Codner v. Stowe

Citation208 N.W. 330,201 Iowa 800
Decision Date06 April 1926
Docket Number37302
PartiesLENA CODNER, Appellee, v. E. W. STOWE, Appellant
CourtUnited States State Supreme Court of Iowa

Appeal from Wright District Court.--SHERWOOD A. CLOCK, Judge.

ACTION for personal injuries received by plaintiff while riding as an invited guest in an automobile driven by defendant, and alleged to have been caused by defendant's negligence. There was a verdict for the defendant, which the court, on motion of plaintiff, set aside. From the order setting aside the verdict and granting a new trial, the defendant appeals.

Affirmed.

Crissman & Linville and Nagle & Hill, for appellant.
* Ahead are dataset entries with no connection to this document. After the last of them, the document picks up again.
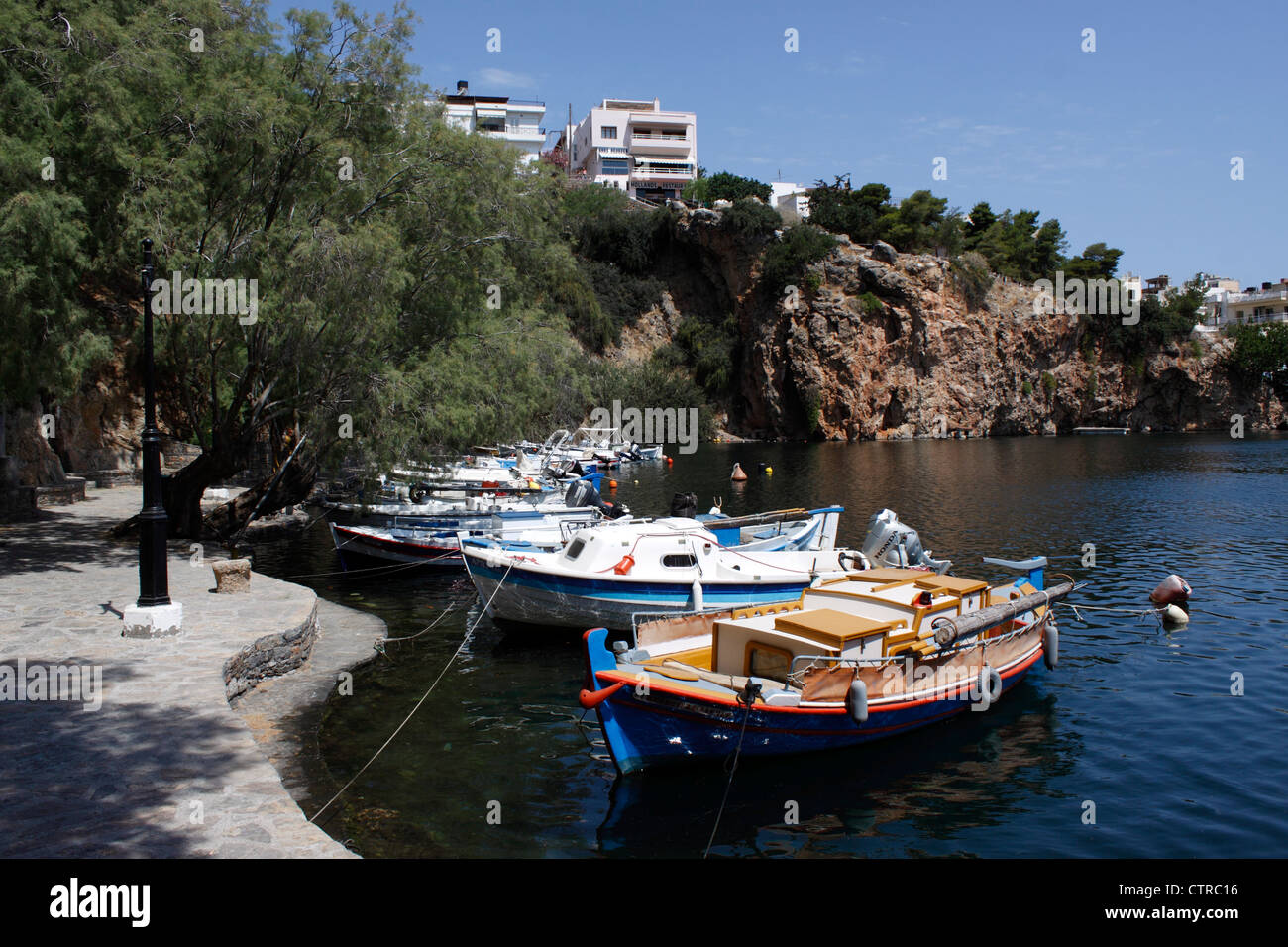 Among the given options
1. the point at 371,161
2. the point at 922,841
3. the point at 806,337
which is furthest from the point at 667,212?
the point at 922,841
Price Burnquist & McCall, for appellee.

VERMILION J. DE GRAFF, C. J., and STEVENS and FAVILLE, JJ., concur.

OPINION

VERMILION, J.

The plaintiff and appellee sued to recover damages caused by personal injuries received while riding in an automobile owned and driven by the defendant. Upon a trial to a jury there was a verdict for the defendant. The court sustained a motion by the plaintiff for a new trial, and set the verdict aside. The defendant appeals from this ruling.

The motion for a new trial was based upon alleged error of the trial court in giving three designated instructions, and on the ground that the verdict was contrary to law. The motion was sustained generally.

I. It is undisputed that appellee's injuries were caused when the car in which she was riding as a guest, and upon the invitation of appellant, went into a ditch on the left-hand side of the road. The court instructed that the acts of negligence relied upon by the appellee were: (1) That, prior to the moment of the accident, the defendant was driving said car at an excessive rate of speed. (2) That, notwithstanding the warning given by the passengers in the automobile, defendant drove said car at a high and excessive rate of speed. (3) That the defendant drove said car at said high and dangerous rate of speed upon loose gravel; that the car skidded, and defendant lost control thereof. This appears to be accepted by both parties as an accurate statement of the negligence charged in the petition.

In the next instruction, the court charged that, to entitle plaintiff to recover, she must establish by a preponderance of the evidence that the defendant was negligent "in the respects charged in the petition."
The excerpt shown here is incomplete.